With electronic communications travelling at the speed of light (or
sometimes marginally slower if an older, lesser megahertz, aging and
weary server blocks its path and slows its forward motion) we can
conduct almost instant conversations with associates in distant climes
with nary a thought to the wonder of it all.
Emails now easily comprise eighty percent or more of all business and
personal communications. It would be a much higher proportion had not
lawyers (the last bastion of all the paper supremacists); all over the
world resisted the trend by insisting on non-standard paper lengths,
unintelligible language and billing weight of paper. Would it be they
discovered "Tools/Word Count" on the Word toolbar they could
have abandoned this ancient form of revenue generation and made far more
money be learning how to "cut and paste" and write voluminous,
equally incomprehensible emails; charging by the word.

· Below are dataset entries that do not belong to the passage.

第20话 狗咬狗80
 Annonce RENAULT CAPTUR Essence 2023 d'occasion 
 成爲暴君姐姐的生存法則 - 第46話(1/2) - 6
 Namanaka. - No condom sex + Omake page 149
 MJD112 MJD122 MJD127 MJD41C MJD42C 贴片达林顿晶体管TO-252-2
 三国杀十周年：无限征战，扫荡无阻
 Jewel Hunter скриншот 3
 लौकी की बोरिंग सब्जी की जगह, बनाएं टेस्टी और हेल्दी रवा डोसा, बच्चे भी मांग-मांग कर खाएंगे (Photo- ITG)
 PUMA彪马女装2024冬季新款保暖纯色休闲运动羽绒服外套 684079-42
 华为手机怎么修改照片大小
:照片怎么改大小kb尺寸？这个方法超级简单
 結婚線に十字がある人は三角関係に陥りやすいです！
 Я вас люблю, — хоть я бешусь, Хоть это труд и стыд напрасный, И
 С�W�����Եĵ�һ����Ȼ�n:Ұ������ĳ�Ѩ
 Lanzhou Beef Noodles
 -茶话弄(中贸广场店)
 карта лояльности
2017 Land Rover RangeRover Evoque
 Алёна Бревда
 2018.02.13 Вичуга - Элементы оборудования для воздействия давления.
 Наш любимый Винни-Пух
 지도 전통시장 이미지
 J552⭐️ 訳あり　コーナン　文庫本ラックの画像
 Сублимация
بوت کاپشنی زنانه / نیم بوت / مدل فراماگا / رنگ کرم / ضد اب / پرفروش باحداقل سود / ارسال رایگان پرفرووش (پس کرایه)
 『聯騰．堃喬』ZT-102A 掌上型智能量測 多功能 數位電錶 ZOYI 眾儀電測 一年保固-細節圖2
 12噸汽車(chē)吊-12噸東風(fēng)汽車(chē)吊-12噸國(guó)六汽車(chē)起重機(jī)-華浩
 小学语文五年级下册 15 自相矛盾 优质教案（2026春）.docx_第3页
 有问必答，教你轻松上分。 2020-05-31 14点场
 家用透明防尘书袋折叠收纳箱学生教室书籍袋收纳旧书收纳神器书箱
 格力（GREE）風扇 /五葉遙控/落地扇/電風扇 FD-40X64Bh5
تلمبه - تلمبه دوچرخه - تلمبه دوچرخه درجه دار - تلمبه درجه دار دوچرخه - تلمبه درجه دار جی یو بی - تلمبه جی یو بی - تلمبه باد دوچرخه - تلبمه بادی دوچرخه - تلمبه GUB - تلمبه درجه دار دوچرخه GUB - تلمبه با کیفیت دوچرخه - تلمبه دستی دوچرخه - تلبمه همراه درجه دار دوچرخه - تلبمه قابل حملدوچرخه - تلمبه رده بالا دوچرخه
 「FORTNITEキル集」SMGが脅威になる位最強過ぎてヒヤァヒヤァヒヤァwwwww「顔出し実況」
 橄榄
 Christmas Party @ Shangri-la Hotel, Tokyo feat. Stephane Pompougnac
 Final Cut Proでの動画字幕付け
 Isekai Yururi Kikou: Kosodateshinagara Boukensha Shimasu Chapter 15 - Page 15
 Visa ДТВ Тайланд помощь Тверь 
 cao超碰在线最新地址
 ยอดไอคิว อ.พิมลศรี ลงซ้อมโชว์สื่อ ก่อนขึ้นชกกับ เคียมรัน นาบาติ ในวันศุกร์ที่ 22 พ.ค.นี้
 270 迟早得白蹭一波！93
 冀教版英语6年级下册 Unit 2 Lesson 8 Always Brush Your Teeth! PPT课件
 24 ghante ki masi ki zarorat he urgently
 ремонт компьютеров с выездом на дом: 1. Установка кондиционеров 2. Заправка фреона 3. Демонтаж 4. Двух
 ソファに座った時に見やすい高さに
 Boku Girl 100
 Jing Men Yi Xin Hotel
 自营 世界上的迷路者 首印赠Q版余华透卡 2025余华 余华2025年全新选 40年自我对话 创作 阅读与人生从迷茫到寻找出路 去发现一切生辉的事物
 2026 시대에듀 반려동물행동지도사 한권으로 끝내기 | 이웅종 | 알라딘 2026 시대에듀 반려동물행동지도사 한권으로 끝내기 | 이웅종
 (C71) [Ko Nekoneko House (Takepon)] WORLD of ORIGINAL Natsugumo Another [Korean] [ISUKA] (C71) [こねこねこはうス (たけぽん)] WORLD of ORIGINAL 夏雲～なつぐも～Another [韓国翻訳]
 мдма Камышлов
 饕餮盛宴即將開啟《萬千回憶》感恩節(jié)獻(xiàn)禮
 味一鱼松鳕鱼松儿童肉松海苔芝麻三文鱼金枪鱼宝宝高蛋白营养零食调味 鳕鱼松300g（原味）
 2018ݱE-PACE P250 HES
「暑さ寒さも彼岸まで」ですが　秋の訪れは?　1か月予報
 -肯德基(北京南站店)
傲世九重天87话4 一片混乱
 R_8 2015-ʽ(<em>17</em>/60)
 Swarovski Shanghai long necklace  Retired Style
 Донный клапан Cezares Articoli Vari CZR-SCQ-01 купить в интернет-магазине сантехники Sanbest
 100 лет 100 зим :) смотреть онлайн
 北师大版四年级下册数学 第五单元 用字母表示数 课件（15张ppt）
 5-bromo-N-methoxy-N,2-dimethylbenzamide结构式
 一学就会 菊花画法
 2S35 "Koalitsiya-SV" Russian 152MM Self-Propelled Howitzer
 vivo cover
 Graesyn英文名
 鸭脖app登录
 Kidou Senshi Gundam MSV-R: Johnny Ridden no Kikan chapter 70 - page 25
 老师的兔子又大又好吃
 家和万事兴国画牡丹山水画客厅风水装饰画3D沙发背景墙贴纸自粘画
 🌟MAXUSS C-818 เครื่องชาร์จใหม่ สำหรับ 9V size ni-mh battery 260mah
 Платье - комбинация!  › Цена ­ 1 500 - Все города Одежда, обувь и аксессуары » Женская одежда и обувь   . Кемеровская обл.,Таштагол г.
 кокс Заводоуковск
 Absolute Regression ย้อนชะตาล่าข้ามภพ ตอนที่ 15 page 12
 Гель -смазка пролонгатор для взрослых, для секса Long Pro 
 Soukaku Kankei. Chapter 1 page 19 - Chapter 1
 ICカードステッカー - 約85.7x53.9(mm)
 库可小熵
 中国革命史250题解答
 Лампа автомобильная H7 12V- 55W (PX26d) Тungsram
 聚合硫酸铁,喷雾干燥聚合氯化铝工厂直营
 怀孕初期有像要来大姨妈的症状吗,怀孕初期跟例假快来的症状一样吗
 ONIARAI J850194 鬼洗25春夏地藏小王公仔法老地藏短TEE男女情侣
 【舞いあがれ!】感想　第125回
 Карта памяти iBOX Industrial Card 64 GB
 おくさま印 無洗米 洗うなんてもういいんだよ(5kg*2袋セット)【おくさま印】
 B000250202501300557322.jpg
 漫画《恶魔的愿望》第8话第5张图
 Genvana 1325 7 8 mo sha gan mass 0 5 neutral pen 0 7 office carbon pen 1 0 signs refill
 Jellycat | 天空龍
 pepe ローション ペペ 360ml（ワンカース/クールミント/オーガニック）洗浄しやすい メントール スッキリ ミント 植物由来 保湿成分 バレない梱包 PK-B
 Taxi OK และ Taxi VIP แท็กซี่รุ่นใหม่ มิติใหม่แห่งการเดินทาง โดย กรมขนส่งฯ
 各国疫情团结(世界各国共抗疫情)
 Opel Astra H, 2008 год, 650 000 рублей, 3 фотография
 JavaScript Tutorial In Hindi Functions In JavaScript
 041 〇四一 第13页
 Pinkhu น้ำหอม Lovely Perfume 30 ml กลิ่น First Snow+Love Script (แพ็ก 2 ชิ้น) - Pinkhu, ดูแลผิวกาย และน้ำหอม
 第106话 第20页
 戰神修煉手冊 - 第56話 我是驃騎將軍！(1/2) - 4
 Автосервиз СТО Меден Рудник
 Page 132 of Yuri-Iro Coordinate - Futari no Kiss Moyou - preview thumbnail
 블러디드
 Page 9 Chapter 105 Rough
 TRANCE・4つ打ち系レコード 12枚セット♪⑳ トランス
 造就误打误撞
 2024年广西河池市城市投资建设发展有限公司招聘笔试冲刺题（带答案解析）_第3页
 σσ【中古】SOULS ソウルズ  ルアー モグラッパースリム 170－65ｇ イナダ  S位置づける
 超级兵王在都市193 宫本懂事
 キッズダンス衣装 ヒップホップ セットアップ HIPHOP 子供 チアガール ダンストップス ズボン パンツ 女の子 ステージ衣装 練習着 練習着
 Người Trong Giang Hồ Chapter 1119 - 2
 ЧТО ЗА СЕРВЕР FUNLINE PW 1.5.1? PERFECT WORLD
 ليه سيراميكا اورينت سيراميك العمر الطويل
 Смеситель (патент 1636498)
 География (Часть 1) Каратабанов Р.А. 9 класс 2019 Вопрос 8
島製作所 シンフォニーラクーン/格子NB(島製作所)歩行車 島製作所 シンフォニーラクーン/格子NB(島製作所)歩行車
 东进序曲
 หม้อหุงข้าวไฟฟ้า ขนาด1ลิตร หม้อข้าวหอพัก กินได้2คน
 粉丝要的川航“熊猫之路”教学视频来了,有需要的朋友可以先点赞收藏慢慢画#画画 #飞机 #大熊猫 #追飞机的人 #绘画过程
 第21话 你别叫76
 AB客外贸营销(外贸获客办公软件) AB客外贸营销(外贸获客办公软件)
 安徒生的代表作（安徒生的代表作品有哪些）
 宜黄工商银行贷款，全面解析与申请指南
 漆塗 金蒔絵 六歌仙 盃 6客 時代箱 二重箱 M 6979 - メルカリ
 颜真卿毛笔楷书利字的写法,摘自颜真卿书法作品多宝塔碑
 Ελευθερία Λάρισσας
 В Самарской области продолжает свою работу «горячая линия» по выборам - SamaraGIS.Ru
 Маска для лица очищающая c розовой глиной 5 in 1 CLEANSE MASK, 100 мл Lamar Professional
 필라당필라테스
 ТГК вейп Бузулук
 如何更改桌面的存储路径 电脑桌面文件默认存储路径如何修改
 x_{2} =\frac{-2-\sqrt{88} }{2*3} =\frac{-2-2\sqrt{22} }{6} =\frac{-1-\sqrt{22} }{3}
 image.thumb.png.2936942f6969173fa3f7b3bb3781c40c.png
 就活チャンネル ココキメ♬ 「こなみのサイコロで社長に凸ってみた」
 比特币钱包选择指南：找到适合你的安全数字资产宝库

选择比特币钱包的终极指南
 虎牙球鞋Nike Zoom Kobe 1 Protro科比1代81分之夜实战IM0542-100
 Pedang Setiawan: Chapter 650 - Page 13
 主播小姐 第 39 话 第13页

Have any of us really had time to think about the wonder of it all?
Probably not, because the email revolution has snuck up on society
slowly and inexorably over the last thirty years until it now permeates
every facet of our business and personal lives. When I was young we met
young ladies at church and dances, school, college and work. Today we
meet our partners on the Internet and profess our undying love and
devotion via email.
This new paradigm in human relationships came too late for me to
enjoy but it would have been greatly appreciated in my youth. It is
extraordinary difficult to mislead someone over your height, appearance
or other facial or bodily characteristics when asking for a dance,
rejection was my greatest fear and embarrassment as a young man
competing for a partner. Via email we can be whatever we wish to be
either innocently or fraudulently and all us men with "great faces
for radio" can do far better than we could in the 'olden-days'; at
least until that fateful day when we and our true-love finally meet.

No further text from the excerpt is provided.